As women, why do we do this? Why do we compare ourselves?

Ironically, I’ve been advising my daughters through similar things. Growing up in public school really was like the scene in Mean Girls when the students are acting like animals in the wild, either on the prowl, on the defensive, or tearing someone to pieces. That was definitely the subtext of my childhood education. When girls meet someone they are intimidated by, they either avoid them, grovel, or become their best friend just to keep them close. I thought by homeschooling my children, they wouldn’t encounter that kind of behavior. While they’re not immersed in it, I’m actually really thankful they get glimpses of it in social situations. It’s interesting to see how they react, how it stabs them to the quick, but how easy it is to fall prey to petty behavior. I’ve seen them leave a social situation and, as though having been in a girl-world-trance, break out of it with shock and confusion about how they acted, or at having been injured by another girl’s behavior.  Why and how did that happen? their bewildered faces say. Because you’re a lady-human, I reply. And we have to consciously choose charity every moment of our lives.
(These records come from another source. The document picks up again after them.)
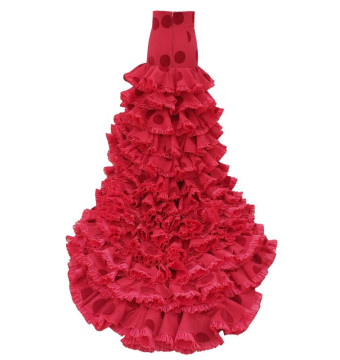 bata de cola, falda de cola, uso profesional, lunares, vestuario flamenco, rojo, gasa, terciopelo, a medida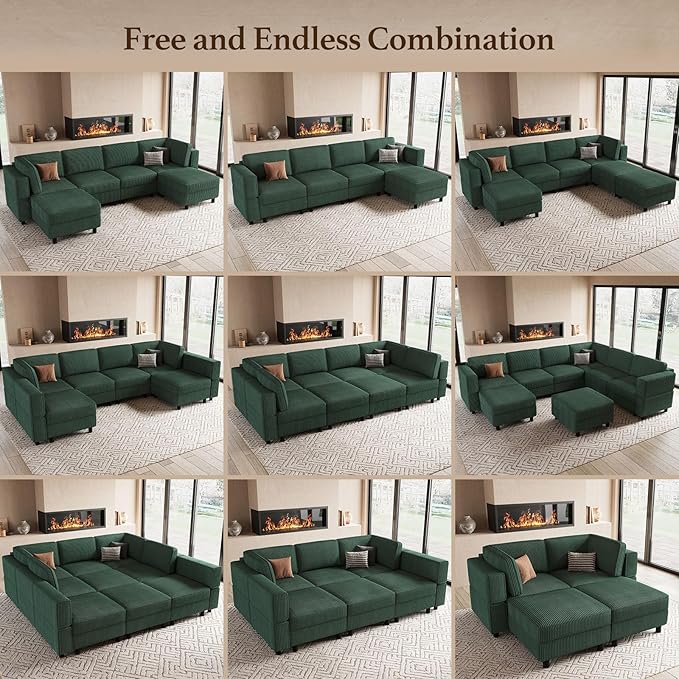 88.6" 9 Seat Modular Sectional Sofa with Deep Storage Seat,Corduroy Comfy Sectional Couch Convertible Modular Sleeper Sofa Couch with Movable Ottoman,Upholstered Couches for Living Room,Green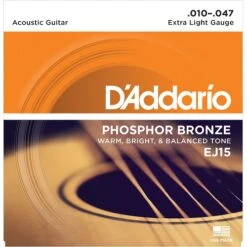 DAddario EJ15 Acoustic Guitar Strings 10 To 47 Phosphor Bronze String Set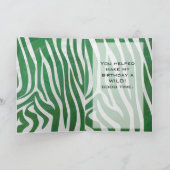 Carte Zebra Monogramme Vert et Blanc Impression (Intérieur)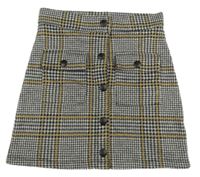 Šedo-černo-okrová vzorovano/kostkovaná úpletová propínací sukně F&F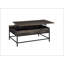 Table basse à plateau relevable de 39 po avec rangement en MDF et structure en métal noir pour le salon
St. Teresa Benedicta of the Cross famously wrote, “The world doesn’t need what women have, it needs what women are.” We nurture and cultivate life, we care for and draw out the individual, we seek out the heart and connect it to all aspects of living. This is certainly true in the reverse: the malice we are capable of on a personal, intimate level can be destructive. It’s the kind of harm that breaks down a person piece by piece from the inside, chipping away little by little. But when we, as women, use our personal insight to encourage and build up a person, the result is truly remarkable. Instead of reading another woman like a Pinterest-board and seeing all the things we aren’t or don’t have, we can thank God that amazing person exists in the world. (Because, honestly, the world would undoubtedly be a better place with more tap-dancing, singing, ukulele-playing Ann Millers.)